The best way to send feedback is to file an issue at https://github.com/astropy/specutils/issues.

If you are proposing a feature:

* Explain in detail how it would work.
* Keep the scope as narrow as possible, to make it easier to implement.
* Remember that this is a volunteer-driven project, and that contributions
  are welcome.

Get Started!
------------

Ready to contribute? Here's how to set up :ref:`specutils <specutils>` for local development.

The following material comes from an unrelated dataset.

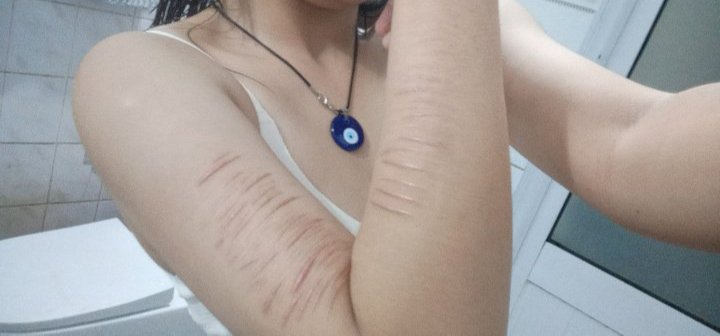 dgh0407's tweet photo. #sh #scars https://t.co/mypuldoKPt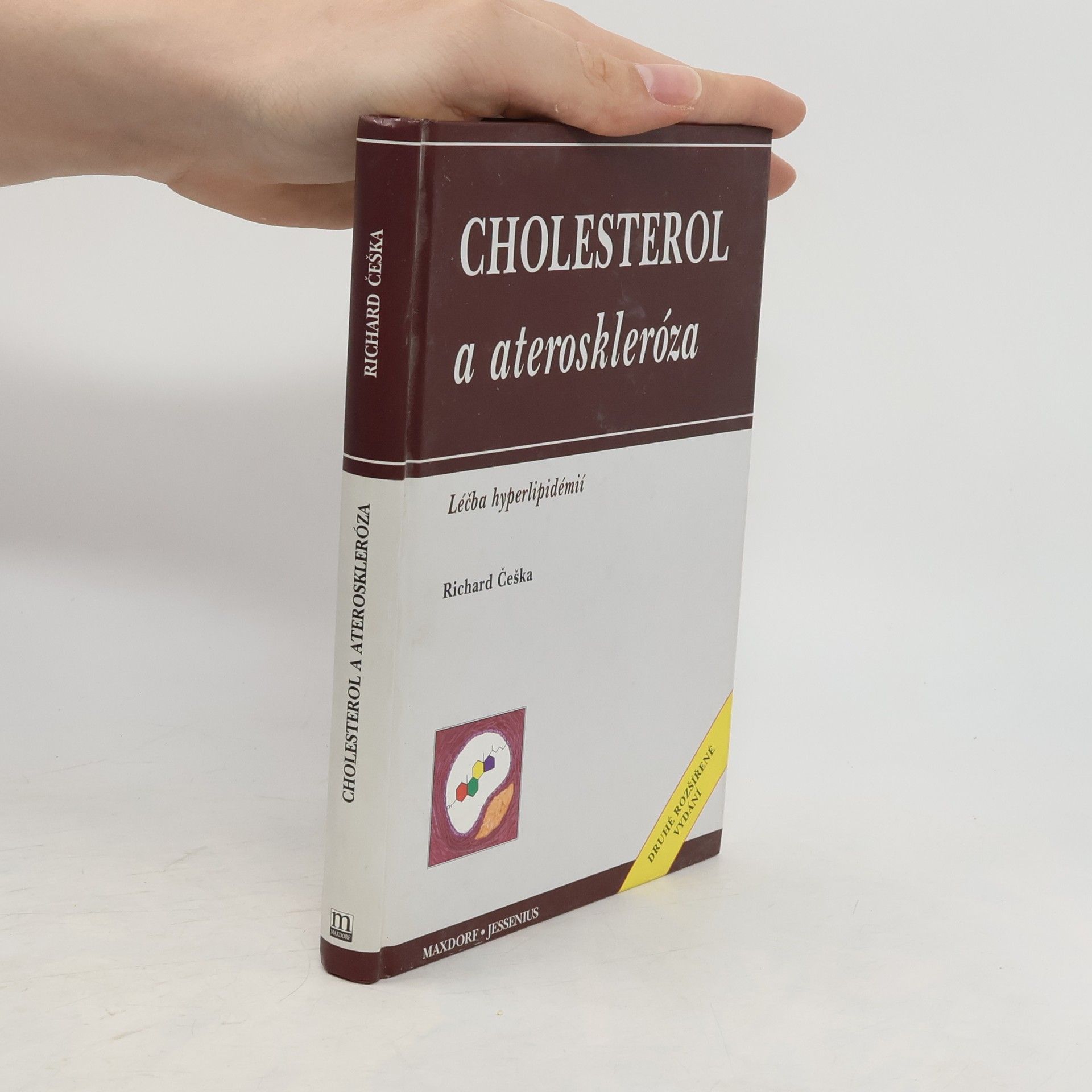 Richard Češka Cholesterol a ateroskleróza: Léčba hyperlipidémií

1. Fork the :ref:`specutils <specutils>` repo on GitHub.
2. Clone your fork locally::

    $ git clone git@github.com:your_name_here/specutils.git

3. Install your local copy, preferably into some sort of virtual environment using your
   preferred environment manager. For example, using conda::

    $ conda create --name specutils-dev python=3.11 pip
    $ conda activate specutils-dev
    $ cd specutils/
    $ pip install -e .'[test]'

4. Create a branch for local development::

    $ git checkout -b name-of-your-bugfix-or-feature

   Now you can make your changes locally.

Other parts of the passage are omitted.